Forests comprise just 125 million hectares (ha), or 16% of Australia’s total land area. Of this, 123 million ha is native forests and 2 million ha plantations. Only 36.6 million ha of native forests are available and suitable for wood production, of which 7.5 million ha are in public native forests.

There has been a 63% decline in log production from native forests of 10.4 million cubic metres (m3) in 2003–04 to 3.9 million m3 in 2014–15. This compares to a 46% increase from 16 million m3 to 24.5 million m3 from plantations. This is the result of structural change in the industry which has led to a significant decline in native hardwood logs for woodchip export, but a 280% increase in plantation hardwood logs. Around 70,500 people were employed in the forestry and forest products industry in 2013–14.

Regional Forest Agreements

Issues associated with native forestry have been controversial for the past forty years; Commonwealth involvement in native forestry activities started with the regulation of woodchip exports in the 1970s. Conservation groups have sought to convince state and federal governments to include old growth forest and wilderness in conservation reserves. In 1995, the Comprehensive Regional Assessment process aimed to find a long-term solution by identifying areas for protection and areas to be open for harvesting in order to enable certainty of future wood supply.
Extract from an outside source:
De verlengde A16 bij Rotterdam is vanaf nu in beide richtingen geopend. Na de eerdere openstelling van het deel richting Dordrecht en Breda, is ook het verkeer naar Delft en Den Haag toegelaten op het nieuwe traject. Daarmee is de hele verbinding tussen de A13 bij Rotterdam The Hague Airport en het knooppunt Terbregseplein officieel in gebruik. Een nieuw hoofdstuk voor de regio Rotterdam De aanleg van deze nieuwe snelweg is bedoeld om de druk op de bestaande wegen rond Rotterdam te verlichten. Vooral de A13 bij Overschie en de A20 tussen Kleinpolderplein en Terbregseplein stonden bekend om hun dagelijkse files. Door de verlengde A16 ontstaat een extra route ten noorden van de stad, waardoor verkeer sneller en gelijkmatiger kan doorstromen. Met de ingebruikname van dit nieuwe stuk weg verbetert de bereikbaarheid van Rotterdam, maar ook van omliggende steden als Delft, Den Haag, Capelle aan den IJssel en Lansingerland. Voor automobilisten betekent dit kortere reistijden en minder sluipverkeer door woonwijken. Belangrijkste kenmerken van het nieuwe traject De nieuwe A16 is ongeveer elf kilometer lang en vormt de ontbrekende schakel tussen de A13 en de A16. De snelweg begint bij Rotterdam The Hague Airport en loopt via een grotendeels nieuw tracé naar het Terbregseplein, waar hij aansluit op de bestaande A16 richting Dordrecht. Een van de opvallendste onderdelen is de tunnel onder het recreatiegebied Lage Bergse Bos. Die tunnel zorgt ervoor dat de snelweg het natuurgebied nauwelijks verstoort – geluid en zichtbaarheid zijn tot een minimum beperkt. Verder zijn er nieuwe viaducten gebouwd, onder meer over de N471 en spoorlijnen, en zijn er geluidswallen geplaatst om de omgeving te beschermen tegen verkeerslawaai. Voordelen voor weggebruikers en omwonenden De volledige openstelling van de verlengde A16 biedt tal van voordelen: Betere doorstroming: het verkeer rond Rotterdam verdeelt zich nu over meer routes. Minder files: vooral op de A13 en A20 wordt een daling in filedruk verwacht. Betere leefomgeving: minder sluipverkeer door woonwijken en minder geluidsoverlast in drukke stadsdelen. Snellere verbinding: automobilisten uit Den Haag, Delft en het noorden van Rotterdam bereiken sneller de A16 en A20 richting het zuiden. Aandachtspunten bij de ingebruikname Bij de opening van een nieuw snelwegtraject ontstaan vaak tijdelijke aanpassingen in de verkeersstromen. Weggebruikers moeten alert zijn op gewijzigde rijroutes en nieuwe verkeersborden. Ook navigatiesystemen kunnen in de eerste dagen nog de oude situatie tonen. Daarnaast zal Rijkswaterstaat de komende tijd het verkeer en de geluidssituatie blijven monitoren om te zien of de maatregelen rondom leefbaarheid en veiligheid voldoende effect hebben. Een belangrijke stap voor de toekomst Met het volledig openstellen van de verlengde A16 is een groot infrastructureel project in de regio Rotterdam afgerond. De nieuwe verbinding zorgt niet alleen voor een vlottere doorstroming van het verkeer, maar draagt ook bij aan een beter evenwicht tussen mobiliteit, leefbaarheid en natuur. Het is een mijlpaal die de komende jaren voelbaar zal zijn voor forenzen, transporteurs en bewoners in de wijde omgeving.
Regional Forest Agreements (RFAs) were then agreed between the federal and state governments, protecting 90% of wilderness and 60% of old-growth forests in reserves. Ten RFAs were signed between 1997 and 2001, covering four states:

RFAs apply for 20 years, with five-yearly reviews. As such, they are due to expire in the next few years. However, each RFA may be extended for a further period after the third five-year review of the RFA.

The 2013 Coalition forestry policy stated that it would extend the RFAs for five years following each five-year review, starting with the Tasmanian RFA. The third five-year review of the Tasmanian RFA has been finalised. In its response, the indicated they would extend the RFA into a rolling 20-year agreement. Tasmania will be entering formal negotiations over the RFA extension with the Australian Government.

The agreed process for the Tasmanian RFA may be a template for the RFAs in other states. All three other states have agreed to pursue their reviews in 2016. However, the Victorian Government has not decided its position about the extension of its RFAs. It is still considering whether to establish more national parks in forest areas of Victoria. In November 2015, it established a Forest Industry Taskforce, which has yet to report.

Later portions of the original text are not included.